A sentencing hearing commenced on February 27, 1989, and the judge immediately informed the Appellant that he had the right to have a jury determine his sentence, but the Appellant waived this right.[6] Following the sentencing *550 hearing, the trial judge concluded that the aggravating circumstances found outweighed the mitigating circumstances present and imposed the penalty of death. Post-verdict motions were filed and denied, and the trial judge formally imposed sentence.[7] Now, in this appeal, the Appellant alleges various trial court errors committed during his sentencing hearing.

Sufficiency of the Evidence

Although the Appellant does not challenge the sufficiency of the evidence, we are compelled to review the record to determine whether the Commonwealth has established, beyond a reasonable doubt, the elements necessary to sustain a conviction of murder of the first degree.[8]Commonwealth v. Zettlemoyer, 500 Pa. 16, 454 A.2d 937 (1982), cert. denied, 461 U.S. 970, 103 S. Ct. 2444, 77 L. Ed. 2d 1327 (1983), rehearing denied, 463 U.S. 1236, 104 S. Ct. 31, 77 L. Ed. 2d 1452 (1983).

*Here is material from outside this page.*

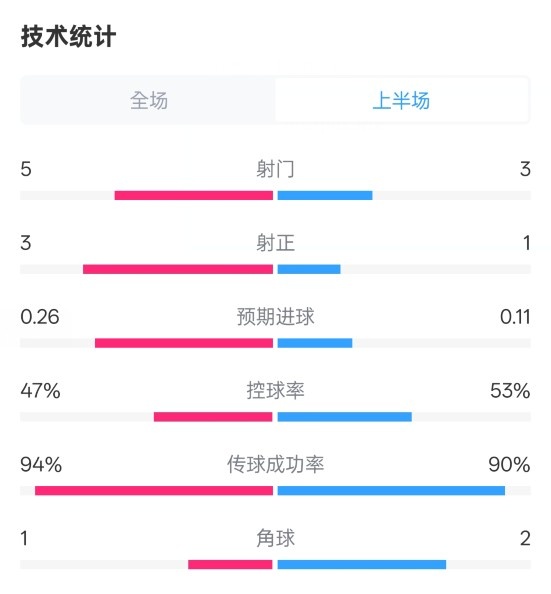  皇馬半場(chǎng)1-1馬競(jìng)數(shù)據(jù)：射門5-3，射正3-1，控球率47%-53%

A plea of guilt to the general charge of murder is not a plea of guilt to murder of the first degree. Commonwealth v. Chapman, 359 Pa. 164, 58 A.2d 433 (1948). Such a plea, as was made by Appellant, is simply an acknowledgement by a defendant that he participated in certain acts with a criminal intent. Commonwealth v. Anthony, 504 Pa. 551, 475 A.2d 1303 (1984). Once such a plea is tendered, the burden is on the Commonwealth to establish the essential elements of the higher degree of crime. Chapman, *551 supra; Commonwealth v. Bricker, 458 Pa. 367, 326 A.2d 279 (1974). To prove murder of the first degree, the Commonwealth must demonstrate that the defendant specifically intended to kill. Commonwealth v. Weinstein, 499 Pa. 106, 451 A.2d 1344 (1982). The Commonwealth must show: (1) that a human being has unlawfully been killed; (2) that the person accused did the killing; (3) that the killing was done with malice aforethought, in addition to the establishment of premeditation and deliberation. Id.

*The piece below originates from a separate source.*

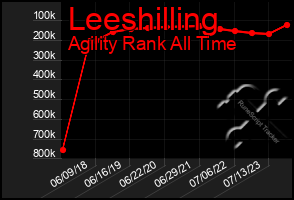 Total Graph of Leeshilling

We have reviewed the record and conclude that the Commonwealth fulfilled its burden when it established the following facts. Prior to June 18, 1988, three minors, Michael Lehman, Dwayne Morningwake and Miguel Yoder, ran away from the Children's Home of York (Home). The Home, established for the purpose of providing counseling, education, and socialization, housed youngsters between the ages of 14 and 18. Although it was not affiliated with the York County Juvenile Court System, it was paid on a per diem basis for its services. Lehman, Morningwake and Yoder were all placed in the Home pursuant to court ordered commitments two were placed there by probation departments and one from a children and youth department.

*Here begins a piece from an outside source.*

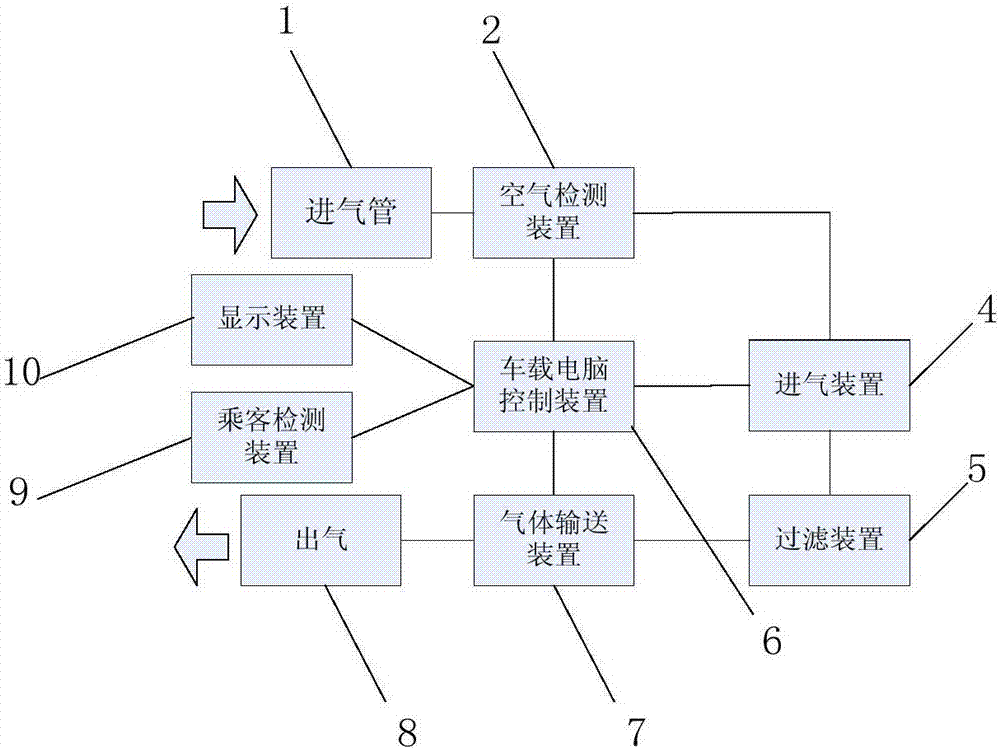 Vehicle air conditioning system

These individuals met the Appellant while they were on their way to a party and they asked him to purchase beer for them. He obliged and joined them at the party. After the party, all three accompanied the Appellant to his sister's home. Later in the evening of June 16, 1988, or early in the morning of June 17, 1988, Lehman left the Appellant's sister's home and was apprehended and returned to the Home. However, he quickly escaped and returned to the group. When he arrived, he found the Appellant, Morningwake, and Yoder discussing Kwame Beatty, the victim, a resident counselor assigned to work in the Home. All of the youths were complaining that the victim was "too hard" on them, i.e., he was a disciplinarian, and he required the residents to follow all of the house rules. The youths did not like this discipline and they decided to kill Mr. Beatty.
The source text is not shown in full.